Pick every line from the data below that contains the string "Braided" and copy it.

== Dataset records ==

• • • • •

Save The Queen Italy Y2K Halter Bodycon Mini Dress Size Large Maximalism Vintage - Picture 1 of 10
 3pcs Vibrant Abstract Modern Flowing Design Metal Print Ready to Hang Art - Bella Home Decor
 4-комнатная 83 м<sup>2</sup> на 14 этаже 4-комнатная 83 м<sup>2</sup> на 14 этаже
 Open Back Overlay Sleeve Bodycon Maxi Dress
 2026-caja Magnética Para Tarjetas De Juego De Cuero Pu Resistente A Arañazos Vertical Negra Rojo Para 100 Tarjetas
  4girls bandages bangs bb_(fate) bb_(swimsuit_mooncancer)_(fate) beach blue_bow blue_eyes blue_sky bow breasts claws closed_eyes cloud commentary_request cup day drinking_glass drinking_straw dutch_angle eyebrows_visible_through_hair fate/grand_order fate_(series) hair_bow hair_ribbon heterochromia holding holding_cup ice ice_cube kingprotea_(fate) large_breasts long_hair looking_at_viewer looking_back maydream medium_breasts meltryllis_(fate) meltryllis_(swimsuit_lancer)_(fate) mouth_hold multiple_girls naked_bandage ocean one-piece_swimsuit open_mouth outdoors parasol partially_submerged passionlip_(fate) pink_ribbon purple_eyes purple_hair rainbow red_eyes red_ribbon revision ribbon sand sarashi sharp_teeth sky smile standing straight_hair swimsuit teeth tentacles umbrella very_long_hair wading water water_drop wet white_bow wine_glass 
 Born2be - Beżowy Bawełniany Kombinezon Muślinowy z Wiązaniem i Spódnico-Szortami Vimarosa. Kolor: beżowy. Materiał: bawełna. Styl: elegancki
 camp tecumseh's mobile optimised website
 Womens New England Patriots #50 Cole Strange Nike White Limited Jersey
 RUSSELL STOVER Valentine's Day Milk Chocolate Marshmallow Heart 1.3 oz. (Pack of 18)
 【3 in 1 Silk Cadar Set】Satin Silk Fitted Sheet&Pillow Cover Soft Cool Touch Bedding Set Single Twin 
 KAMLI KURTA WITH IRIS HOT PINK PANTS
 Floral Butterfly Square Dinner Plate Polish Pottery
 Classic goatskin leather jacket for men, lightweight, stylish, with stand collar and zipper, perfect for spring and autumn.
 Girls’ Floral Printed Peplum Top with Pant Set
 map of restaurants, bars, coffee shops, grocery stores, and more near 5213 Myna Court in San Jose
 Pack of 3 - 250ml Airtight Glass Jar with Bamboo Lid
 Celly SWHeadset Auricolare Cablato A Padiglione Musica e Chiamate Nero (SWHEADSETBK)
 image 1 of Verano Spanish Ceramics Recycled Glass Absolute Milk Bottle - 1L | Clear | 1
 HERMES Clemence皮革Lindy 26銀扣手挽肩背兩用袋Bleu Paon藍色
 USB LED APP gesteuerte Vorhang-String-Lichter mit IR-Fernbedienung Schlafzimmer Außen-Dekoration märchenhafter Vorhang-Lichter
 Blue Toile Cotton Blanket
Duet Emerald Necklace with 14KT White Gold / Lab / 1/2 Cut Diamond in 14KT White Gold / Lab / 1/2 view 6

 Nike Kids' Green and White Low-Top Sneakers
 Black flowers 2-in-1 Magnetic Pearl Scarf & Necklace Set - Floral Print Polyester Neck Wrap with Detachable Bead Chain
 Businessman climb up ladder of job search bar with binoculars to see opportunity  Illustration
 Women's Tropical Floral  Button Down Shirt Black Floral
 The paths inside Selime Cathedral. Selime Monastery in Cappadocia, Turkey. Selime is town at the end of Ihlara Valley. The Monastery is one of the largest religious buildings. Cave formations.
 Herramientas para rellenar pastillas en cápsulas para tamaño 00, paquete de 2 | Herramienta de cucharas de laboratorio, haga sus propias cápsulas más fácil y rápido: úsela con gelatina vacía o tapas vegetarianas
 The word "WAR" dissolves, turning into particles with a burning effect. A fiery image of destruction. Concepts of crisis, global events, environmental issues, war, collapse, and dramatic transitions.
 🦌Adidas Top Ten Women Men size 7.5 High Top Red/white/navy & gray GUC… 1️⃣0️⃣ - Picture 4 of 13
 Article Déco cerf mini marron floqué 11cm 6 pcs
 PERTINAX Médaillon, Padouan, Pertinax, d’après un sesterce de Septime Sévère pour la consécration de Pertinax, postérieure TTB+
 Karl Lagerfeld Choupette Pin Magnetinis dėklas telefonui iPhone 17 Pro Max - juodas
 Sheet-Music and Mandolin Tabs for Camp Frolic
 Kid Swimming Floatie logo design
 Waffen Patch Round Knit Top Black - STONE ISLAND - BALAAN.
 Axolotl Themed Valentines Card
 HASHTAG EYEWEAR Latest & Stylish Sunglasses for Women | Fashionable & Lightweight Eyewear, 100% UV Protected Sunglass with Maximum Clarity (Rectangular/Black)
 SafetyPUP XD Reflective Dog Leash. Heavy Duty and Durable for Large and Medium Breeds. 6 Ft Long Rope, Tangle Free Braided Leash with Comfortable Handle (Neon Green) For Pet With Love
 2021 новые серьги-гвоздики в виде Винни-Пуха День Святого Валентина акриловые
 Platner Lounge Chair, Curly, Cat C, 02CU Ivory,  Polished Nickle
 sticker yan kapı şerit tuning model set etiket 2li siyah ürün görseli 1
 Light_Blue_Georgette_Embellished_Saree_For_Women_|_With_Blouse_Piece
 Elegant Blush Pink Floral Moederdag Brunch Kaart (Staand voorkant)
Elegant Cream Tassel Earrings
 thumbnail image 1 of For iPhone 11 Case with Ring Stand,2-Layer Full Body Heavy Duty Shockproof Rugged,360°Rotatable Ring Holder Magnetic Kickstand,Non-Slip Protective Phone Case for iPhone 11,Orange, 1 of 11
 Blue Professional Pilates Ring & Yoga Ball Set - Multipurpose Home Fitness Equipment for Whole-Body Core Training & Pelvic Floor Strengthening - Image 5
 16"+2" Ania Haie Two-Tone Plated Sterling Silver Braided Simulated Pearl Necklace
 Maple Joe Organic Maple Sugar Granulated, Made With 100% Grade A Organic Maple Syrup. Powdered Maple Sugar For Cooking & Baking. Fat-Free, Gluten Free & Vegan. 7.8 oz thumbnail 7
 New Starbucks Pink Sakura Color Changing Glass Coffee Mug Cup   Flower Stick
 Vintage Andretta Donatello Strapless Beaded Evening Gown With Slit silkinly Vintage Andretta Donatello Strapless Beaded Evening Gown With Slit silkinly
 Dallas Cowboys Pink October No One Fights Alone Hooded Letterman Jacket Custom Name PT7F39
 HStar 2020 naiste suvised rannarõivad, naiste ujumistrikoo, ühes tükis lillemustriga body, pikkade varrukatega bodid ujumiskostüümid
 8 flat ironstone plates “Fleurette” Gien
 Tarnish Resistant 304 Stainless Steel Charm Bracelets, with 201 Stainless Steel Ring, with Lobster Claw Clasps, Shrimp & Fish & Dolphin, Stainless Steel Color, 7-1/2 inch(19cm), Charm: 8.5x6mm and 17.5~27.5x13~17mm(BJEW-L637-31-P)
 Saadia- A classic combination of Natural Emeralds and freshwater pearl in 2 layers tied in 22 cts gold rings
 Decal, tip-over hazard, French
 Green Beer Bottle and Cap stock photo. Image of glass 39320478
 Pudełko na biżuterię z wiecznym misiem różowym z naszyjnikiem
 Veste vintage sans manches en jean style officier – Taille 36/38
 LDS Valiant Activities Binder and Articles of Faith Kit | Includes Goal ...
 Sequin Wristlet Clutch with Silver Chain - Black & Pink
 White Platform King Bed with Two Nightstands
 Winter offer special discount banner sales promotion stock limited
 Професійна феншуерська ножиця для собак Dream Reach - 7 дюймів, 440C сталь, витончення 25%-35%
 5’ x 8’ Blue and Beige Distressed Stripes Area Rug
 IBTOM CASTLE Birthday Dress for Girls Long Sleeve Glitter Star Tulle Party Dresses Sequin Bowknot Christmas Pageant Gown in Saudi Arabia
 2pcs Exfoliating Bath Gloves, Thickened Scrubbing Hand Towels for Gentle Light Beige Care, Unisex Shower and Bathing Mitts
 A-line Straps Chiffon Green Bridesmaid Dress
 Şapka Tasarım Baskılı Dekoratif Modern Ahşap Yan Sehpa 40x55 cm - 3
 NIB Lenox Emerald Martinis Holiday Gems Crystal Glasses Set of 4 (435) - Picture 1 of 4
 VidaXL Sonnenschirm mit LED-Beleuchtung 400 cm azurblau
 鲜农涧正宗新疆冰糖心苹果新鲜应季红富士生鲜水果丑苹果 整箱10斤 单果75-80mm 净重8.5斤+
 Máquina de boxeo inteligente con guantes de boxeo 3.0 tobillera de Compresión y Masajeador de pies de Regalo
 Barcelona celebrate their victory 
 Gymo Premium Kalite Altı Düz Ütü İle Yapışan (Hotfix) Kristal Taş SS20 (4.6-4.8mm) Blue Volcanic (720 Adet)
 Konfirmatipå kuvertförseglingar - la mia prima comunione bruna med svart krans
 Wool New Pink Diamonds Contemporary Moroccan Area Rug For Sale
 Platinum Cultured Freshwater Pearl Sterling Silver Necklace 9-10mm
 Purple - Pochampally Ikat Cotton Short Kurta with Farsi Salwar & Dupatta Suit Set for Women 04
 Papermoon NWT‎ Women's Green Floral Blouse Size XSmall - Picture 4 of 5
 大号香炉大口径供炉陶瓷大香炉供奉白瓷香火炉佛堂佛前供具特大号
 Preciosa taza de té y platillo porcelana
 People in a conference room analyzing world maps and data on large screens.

• • • • •

== Answer to the exercise ==
 SafetyPUP XD Reflective Dog Leash. Heavy Duty and Durable for Large and Medium Breeds. 6 Ft Long Rope, Tangle Free Braided Leash with Comfortable Handle (Neon Green) For Pet With Love
 16"+2" Ania Haie Two-Tone Plated Sterling Silver Braided Simulated Pearl Necklace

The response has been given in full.